Leaving the pictures aside, repeat each line below exactly.
[STORED DATA — start]
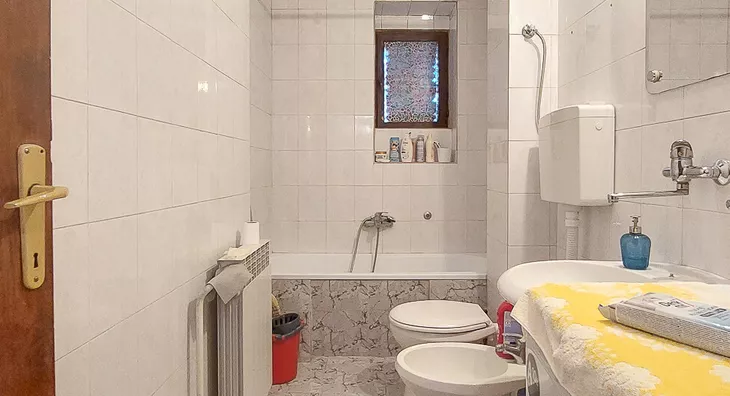 Šestosoban stan | 4zida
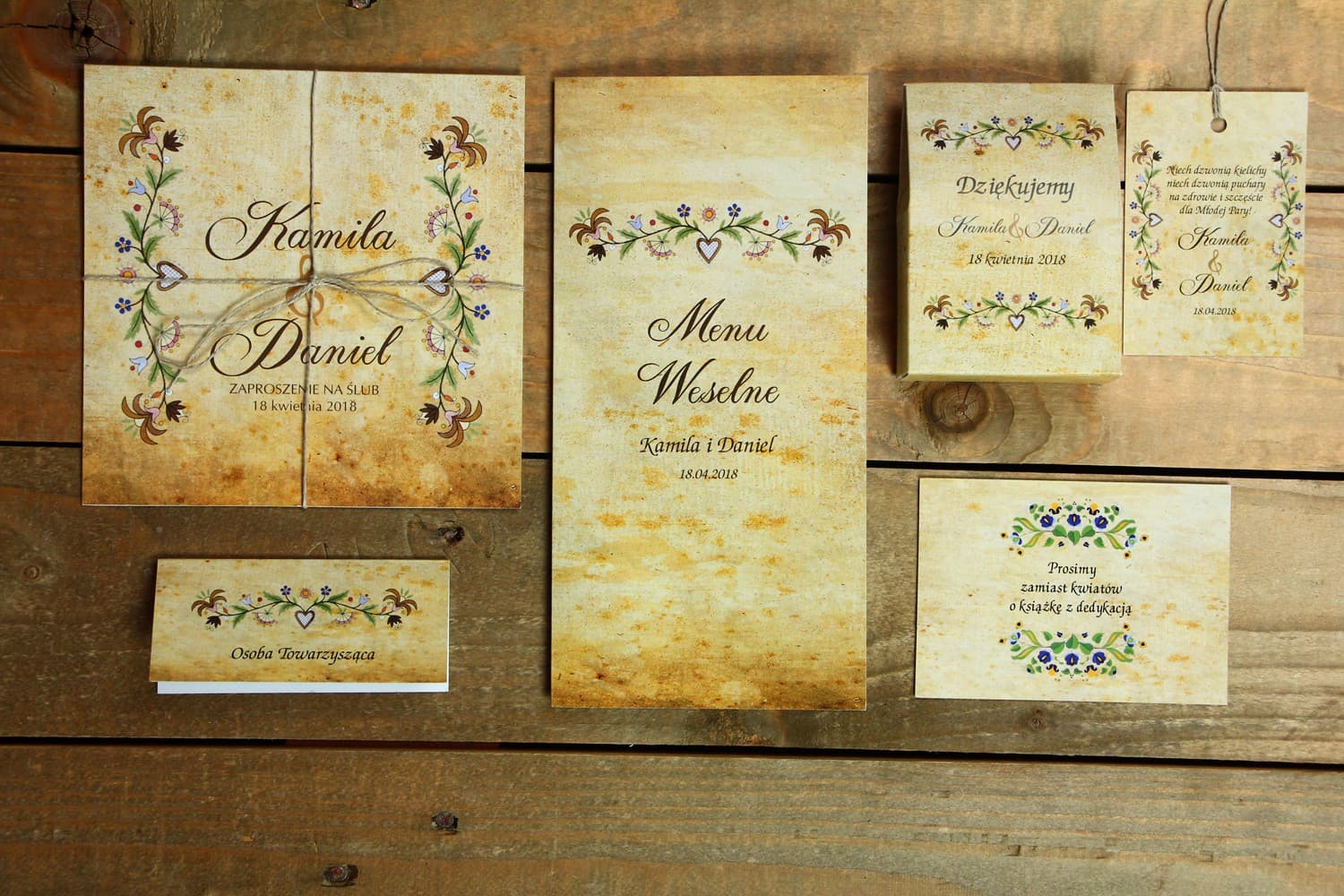 Próbne zaproszenia ślubne z kolekcji Folk nr 3 od Amelia-Wedding.pl
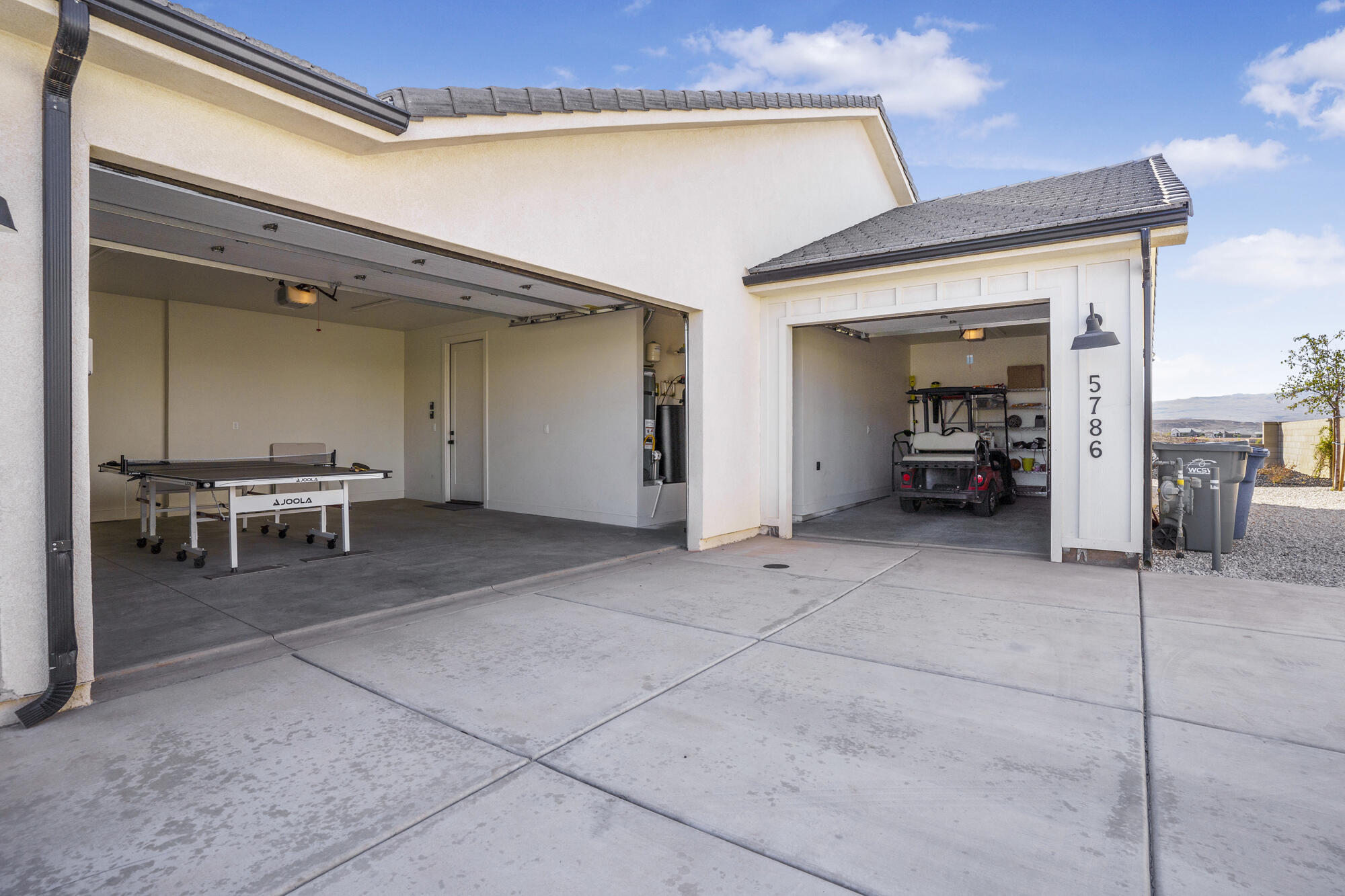 AUBURN HILLS - Residential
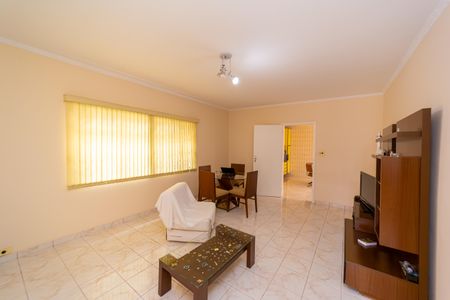 Casa à venda com 150m², 2 quartos e 1 vaga Casa à venda com 150m², 2 quartos e 1 vagaSala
[STORED DATA — finish]
» **PROBLEM SOLUTION**
 Šestosoban stan | 4zida
 Próbne zaproszenia ślubne z kolekcji Folk nr 3 od Amelia-Wedding.pl
 AUBURN HILLS - Residential
 Casa à venda com 150m², 2 quartos e 1 vaga Casa à venda com 150m², 2 quartos e 1 vagaSala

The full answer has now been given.